_WORKING DATA_:
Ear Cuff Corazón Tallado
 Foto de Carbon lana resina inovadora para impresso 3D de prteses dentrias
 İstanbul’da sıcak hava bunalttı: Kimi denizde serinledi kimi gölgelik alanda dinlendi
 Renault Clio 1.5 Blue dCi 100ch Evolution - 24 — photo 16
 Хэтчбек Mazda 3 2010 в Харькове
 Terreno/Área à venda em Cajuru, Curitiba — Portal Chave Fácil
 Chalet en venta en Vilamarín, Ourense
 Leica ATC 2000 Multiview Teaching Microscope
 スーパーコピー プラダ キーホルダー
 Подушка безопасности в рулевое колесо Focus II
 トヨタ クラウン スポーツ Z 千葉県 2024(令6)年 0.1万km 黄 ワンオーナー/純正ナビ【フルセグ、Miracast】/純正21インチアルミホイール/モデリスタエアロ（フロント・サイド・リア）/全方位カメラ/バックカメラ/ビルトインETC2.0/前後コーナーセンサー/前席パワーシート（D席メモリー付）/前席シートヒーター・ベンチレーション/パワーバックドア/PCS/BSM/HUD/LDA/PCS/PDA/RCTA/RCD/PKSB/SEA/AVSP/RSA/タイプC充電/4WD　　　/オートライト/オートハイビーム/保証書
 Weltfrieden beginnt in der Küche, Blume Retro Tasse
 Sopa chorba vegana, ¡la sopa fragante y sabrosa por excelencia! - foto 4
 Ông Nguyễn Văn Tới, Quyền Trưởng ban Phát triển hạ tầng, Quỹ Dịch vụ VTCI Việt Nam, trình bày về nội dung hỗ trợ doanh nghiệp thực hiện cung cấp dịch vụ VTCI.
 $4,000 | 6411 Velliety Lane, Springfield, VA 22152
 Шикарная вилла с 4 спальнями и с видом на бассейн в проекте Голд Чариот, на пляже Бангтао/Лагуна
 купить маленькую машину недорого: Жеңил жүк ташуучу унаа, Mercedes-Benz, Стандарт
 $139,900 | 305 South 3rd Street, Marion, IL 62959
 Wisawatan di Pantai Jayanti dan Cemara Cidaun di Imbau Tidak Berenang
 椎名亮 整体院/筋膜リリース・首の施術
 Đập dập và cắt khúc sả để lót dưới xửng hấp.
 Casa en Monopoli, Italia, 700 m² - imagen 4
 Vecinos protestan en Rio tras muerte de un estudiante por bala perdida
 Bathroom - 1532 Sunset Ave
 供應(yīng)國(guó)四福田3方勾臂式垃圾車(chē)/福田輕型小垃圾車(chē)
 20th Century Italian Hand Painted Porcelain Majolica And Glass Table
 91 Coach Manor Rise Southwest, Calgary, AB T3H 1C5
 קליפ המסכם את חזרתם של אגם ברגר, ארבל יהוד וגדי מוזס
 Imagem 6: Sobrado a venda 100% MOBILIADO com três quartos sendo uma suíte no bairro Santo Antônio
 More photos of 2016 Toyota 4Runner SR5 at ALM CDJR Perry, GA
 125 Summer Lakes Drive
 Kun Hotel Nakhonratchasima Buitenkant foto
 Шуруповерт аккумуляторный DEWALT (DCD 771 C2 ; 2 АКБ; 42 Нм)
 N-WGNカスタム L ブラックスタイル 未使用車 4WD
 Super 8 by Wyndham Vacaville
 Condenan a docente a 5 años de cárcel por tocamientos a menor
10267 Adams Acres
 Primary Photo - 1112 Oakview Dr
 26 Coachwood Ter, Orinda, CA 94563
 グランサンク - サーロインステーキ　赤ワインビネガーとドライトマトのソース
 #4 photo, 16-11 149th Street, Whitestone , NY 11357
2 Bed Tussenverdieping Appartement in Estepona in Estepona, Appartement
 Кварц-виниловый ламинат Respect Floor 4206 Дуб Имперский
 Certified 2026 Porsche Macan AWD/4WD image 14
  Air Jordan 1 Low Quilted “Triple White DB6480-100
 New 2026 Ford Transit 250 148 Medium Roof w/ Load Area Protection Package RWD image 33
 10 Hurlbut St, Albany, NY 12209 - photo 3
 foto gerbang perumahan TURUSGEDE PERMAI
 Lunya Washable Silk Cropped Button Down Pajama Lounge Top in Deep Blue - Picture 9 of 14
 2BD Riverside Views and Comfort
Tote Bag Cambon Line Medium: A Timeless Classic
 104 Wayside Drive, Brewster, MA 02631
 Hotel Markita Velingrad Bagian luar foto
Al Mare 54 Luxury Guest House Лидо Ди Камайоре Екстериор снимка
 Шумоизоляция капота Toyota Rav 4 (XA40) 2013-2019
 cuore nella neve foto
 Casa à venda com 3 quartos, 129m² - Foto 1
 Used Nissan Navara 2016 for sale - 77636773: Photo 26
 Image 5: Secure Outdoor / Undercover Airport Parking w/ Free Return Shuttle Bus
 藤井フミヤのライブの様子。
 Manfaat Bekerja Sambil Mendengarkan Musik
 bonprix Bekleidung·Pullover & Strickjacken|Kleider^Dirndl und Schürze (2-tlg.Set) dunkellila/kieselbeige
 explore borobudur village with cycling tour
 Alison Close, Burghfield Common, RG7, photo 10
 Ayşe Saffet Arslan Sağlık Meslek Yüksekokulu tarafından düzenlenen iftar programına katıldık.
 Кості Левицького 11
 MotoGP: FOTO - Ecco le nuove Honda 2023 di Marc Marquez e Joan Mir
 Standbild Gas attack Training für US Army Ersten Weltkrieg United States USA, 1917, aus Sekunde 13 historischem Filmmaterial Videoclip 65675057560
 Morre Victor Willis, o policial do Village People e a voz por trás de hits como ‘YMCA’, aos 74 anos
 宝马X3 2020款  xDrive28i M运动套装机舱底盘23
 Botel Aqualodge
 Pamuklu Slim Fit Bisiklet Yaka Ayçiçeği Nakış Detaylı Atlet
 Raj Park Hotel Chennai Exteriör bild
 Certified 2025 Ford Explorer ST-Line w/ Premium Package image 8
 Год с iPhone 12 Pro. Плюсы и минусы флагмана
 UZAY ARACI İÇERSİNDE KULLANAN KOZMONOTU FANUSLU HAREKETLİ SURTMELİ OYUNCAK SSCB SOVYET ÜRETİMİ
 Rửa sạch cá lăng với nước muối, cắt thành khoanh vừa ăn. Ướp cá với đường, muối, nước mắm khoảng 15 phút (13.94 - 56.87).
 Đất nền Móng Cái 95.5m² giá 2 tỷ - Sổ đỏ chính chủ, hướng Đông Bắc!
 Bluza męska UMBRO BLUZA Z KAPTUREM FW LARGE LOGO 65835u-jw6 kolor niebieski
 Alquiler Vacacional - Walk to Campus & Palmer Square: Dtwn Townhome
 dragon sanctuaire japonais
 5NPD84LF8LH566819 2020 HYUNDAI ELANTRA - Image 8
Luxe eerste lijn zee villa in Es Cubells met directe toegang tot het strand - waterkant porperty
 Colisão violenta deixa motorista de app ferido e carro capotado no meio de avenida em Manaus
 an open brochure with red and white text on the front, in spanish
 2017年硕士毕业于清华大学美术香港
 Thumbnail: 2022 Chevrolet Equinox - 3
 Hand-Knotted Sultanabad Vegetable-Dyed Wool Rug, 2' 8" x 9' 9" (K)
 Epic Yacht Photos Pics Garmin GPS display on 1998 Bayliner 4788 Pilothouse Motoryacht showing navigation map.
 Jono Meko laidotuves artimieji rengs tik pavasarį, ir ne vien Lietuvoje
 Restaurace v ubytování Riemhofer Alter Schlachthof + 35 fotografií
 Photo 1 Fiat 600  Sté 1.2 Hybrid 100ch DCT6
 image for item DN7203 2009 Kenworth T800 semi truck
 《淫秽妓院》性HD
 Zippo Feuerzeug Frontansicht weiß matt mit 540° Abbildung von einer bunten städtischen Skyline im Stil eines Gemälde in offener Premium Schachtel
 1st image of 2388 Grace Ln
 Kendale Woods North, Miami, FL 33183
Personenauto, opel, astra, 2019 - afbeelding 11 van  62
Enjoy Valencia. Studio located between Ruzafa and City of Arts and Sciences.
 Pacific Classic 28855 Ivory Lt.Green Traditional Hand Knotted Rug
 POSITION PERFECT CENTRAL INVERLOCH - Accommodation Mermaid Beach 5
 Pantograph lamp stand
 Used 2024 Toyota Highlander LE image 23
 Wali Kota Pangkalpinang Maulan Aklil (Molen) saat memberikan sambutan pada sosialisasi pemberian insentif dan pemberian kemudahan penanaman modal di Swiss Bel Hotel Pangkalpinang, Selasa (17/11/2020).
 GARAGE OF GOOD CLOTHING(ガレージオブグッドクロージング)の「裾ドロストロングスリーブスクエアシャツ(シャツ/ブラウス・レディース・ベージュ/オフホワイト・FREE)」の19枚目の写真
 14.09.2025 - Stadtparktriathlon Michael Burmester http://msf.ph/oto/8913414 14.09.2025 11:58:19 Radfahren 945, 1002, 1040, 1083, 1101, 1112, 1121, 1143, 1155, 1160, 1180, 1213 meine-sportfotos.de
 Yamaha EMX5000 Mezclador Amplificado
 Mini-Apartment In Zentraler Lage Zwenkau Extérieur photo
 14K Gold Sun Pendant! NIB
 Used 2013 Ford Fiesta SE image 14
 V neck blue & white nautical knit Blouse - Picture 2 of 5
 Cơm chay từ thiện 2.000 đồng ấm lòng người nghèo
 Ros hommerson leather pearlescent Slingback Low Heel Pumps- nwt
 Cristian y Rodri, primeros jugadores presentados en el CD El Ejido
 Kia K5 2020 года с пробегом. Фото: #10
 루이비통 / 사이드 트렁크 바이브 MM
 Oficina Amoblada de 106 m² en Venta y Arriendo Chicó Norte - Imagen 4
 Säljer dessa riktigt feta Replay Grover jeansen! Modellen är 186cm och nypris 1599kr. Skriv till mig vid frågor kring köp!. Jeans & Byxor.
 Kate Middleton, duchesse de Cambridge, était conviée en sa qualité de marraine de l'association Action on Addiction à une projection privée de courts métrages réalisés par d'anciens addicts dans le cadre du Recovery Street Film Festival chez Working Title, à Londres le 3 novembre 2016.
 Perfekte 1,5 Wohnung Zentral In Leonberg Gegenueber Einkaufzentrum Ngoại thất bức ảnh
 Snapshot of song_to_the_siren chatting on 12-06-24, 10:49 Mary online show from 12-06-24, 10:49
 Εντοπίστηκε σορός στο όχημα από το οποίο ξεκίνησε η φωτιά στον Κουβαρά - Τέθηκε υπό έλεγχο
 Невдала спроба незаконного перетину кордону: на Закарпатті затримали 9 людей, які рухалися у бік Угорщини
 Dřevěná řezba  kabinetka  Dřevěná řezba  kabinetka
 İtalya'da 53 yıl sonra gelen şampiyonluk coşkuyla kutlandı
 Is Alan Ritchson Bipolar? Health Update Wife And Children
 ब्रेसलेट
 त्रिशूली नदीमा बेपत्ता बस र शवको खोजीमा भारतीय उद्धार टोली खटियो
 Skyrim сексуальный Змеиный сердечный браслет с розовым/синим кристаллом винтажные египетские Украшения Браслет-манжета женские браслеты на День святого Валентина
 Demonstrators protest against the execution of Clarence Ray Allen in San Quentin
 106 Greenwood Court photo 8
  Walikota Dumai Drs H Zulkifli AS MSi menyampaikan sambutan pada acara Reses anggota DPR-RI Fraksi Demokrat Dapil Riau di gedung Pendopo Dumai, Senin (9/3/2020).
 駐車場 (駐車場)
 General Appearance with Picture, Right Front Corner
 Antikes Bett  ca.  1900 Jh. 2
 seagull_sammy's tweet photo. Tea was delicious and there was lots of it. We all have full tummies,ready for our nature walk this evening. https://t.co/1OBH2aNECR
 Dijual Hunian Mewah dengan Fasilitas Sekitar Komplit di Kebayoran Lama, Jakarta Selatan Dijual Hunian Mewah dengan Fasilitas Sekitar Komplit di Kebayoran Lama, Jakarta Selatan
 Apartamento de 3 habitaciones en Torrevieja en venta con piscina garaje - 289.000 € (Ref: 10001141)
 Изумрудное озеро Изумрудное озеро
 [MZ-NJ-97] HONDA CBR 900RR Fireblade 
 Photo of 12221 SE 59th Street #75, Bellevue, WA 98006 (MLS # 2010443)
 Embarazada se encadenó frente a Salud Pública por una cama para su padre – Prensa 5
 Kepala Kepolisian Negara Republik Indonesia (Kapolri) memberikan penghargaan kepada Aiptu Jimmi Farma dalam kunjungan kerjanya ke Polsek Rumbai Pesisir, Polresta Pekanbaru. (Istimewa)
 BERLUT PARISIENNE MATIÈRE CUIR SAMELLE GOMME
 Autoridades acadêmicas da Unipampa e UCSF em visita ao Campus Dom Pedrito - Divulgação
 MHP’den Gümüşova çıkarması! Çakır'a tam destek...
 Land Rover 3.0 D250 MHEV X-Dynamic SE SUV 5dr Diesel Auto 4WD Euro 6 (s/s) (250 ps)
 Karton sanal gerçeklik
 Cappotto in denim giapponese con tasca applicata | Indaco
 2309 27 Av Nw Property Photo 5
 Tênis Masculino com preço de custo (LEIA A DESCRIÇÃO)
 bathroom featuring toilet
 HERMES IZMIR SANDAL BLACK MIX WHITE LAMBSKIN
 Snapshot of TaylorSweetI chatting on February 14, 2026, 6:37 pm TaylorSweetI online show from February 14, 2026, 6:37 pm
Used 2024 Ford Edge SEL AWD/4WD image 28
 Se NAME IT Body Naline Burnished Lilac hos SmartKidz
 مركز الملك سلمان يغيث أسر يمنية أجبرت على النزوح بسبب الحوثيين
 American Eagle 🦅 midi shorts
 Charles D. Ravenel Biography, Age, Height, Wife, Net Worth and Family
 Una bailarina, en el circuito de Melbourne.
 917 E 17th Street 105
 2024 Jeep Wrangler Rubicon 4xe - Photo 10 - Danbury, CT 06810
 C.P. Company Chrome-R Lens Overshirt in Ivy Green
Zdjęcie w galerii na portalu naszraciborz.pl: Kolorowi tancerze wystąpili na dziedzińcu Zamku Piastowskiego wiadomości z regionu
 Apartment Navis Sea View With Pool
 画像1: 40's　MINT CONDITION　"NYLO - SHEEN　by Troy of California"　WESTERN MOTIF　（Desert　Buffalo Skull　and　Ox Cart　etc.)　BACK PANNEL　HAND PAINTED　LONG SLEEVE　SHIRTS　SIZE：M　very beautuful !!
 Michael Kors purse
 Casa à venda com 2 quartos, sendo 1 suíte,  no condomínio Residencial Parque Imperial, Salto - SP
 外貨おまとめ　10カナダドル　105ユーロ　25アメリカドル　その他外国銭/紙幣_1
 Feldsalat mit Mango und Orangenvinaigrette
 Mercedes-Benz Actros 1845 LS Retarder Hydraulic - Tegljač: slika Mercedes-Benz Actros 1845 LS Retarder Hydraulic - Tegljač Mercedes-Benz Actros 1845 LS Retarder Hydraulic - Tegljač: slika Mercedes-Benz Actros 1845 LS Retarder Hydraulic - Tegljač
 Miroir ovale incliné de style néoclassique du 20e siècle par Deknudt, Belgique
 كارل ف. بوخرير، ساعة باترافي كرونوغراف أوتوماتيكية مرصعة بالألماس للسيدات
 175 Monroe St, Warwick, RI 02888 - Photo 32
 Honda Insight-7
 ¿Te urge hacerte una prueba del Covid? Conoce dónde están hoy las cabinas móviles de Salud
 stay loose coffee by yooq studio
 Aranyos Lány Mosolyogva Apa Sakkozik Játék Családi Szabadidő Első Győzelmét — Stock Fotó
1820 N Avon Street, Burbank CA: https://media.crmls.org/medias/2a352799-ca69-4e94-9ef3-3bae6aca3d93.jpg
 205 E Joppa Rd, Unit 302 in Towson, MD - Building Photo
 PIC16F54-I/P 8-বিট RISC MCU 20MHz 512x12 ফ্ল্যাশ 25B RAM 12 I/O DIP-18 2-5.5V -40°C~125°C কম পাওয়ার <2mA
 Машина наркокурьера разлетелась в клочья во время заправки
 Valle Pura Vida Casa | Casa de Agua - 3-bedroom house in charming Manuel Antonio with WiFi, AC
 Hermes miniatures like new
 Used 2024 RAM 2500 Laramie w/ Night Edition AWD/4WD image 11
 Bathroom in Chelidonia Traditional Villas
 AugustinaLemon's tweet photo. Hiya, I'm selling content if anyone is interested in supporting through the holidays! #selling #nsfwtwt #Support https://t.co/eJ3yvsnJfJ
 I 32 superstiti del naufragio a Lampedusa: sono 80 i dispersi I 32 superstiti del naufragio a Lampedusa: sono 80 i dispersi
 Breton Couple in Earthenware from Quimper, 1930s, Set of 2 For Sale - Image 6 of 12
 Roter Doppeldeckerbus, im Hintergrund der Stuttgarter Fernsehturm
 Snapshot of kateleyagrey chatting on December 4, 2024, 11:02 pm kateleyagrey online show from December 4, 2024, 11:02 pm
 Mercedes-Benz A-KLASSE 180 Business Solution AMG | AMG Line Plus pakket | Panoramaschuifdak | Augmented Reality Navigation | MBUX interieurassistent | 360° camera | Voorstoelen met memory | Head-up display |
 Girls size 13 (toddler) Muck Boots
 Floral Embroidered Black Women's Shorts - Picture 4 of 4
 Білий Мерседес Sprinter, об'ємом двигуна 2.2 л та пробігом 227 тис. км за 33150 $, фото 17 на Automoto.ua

_EXERCISE BRIEF_: Out of the data above, set down the lines from the one with "Certified 2026 Porsche" to the one with "Alison Close, Burghfield", both included, exactly as written and with no additions.

_RESPONSE_:
 Certified 2026 Porsche Macan AWD/4WD image 14
  Air Jordan 1 Low Quilted “Triple White DB6480-100
 New 2026 Ford Transit 250 148 Medium Roof w/ Load Area Protection Package RWD image 33
 10 Hurlbut St, Albany, NY 12209 - photo 3
 foto gerbang perumahan TURUSGEDE PERMAI
 Lunya Washable Silk Cropped Button Down Pajama Lounge Top in Deep Blue - Picture 9 of 14
 2BD Riverside Views and Comfort
Tote Bag Cambon Line Medium: A Timeless Classic
 104 Wayside Drive, Brewster, MA 02631
 Hotel Markita Velingrad Bagian luar foto
Al Mare 54 Luxury Guest House Лидо Ди Камайоре Екстериор снимка
 Шумоизоляция капота Toyota Rav 4 (XA40) 2013-2019
 cuore nella neve foto
 Casa à venda com 3 quartos, 129m² - Foto 1
 Used Nissan Navara 2016 for sale - 77636773: Photo 26
 Image 5: Secure Outdoor / Undercover Airport Parking w/ Free Return Shuttle Bus
 藤井フミヤのライブの様子。
 Manfaat Bekerja Sambil Mendengarkan Musik
 bonprix Bekleidung·Pullover & Strickjacken|Kleider^Dirndl und Schürze (2-tlg.Set) dunkellila/kieselbeige
 explore borobudur village with cycling tour
 Alison Close, Burghfield Common, RG7, photo 10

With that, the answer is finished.